→ **Action item**: Starting from the line with "Witte houten krat" and going up to and including the line with "1YD78EDE Stylish Earrings", copy the listing below exactly. Leave all images out.

═════ Data for processing ═════

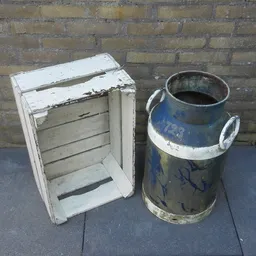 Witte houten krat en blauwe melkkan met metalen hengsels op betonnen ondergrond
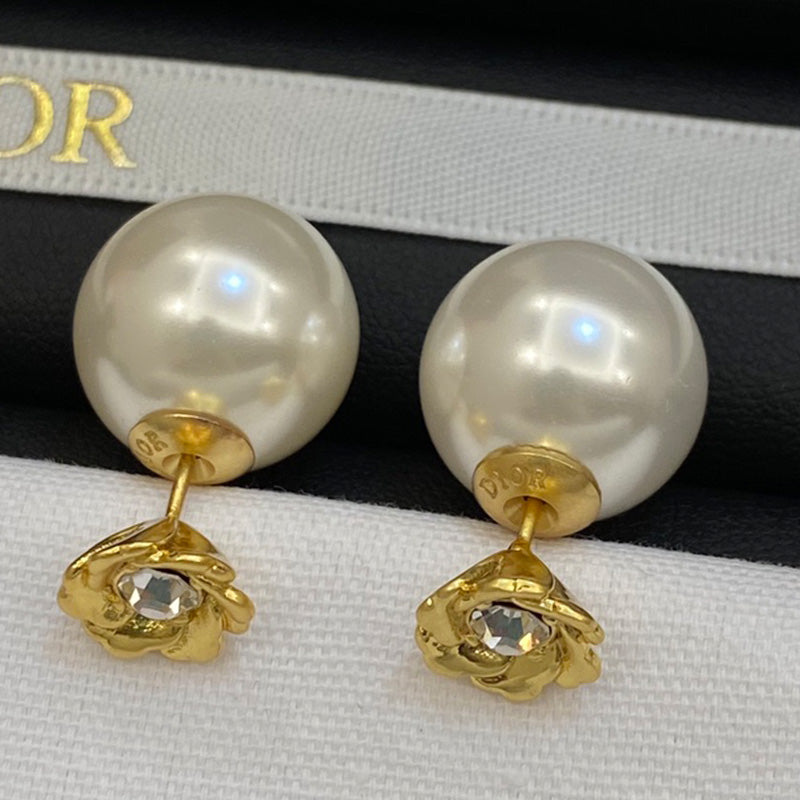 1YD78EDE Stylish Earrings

═════
═════ Data for processing ═════

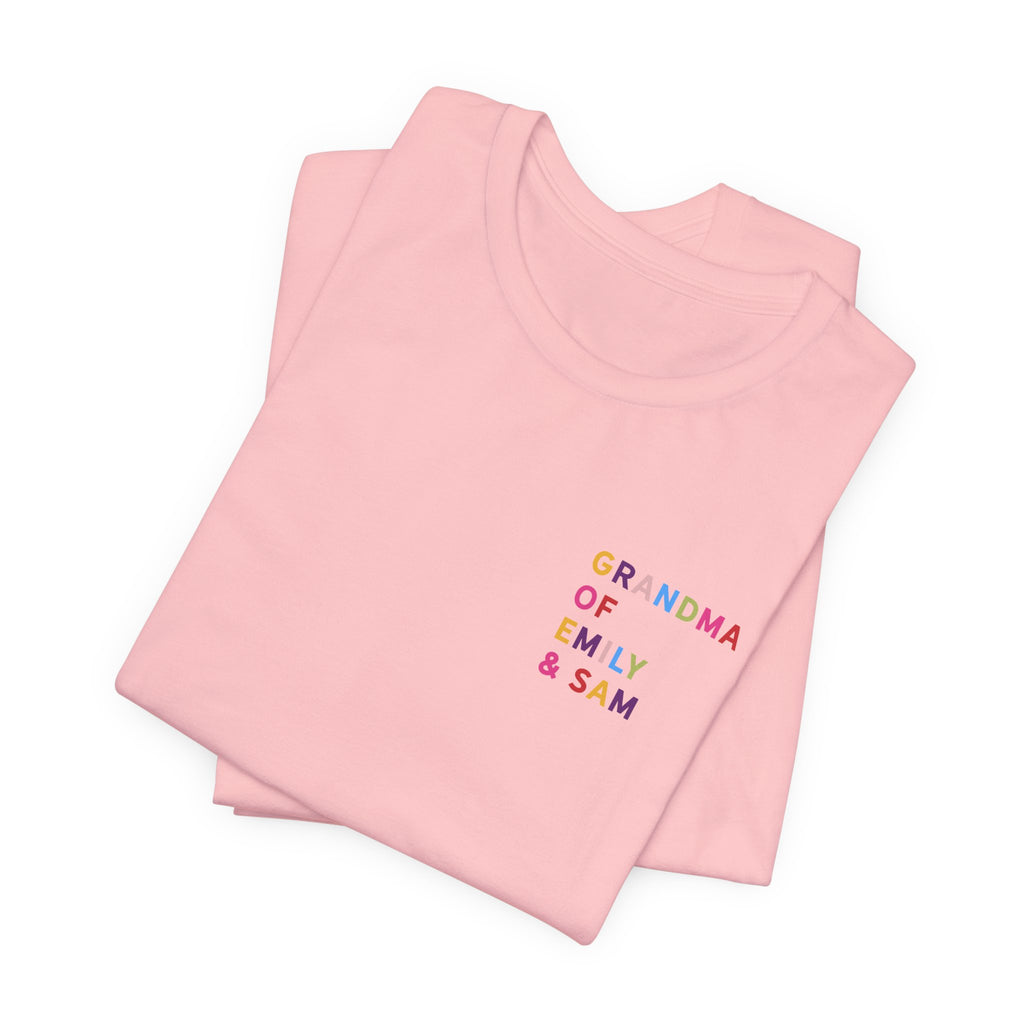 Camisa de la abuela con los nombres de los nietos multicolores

═════
═════ Data for processing ═════

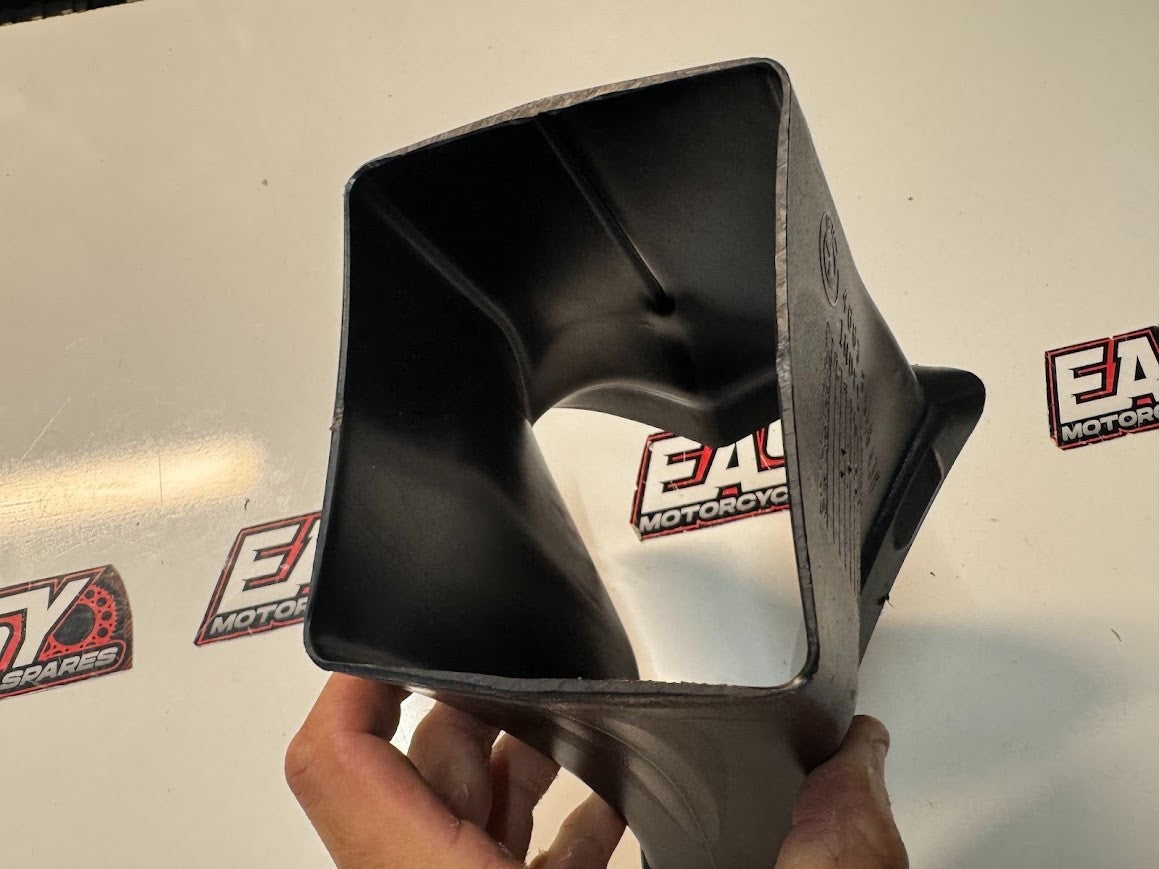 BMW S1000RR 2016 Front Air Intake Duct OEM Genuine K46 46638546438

═════

→ **Exercise result**:
 Witte houten krat en blauwe melkkan met metalen hengsels op betonnen ondergrond
 1YD78EDE Stylish Earrings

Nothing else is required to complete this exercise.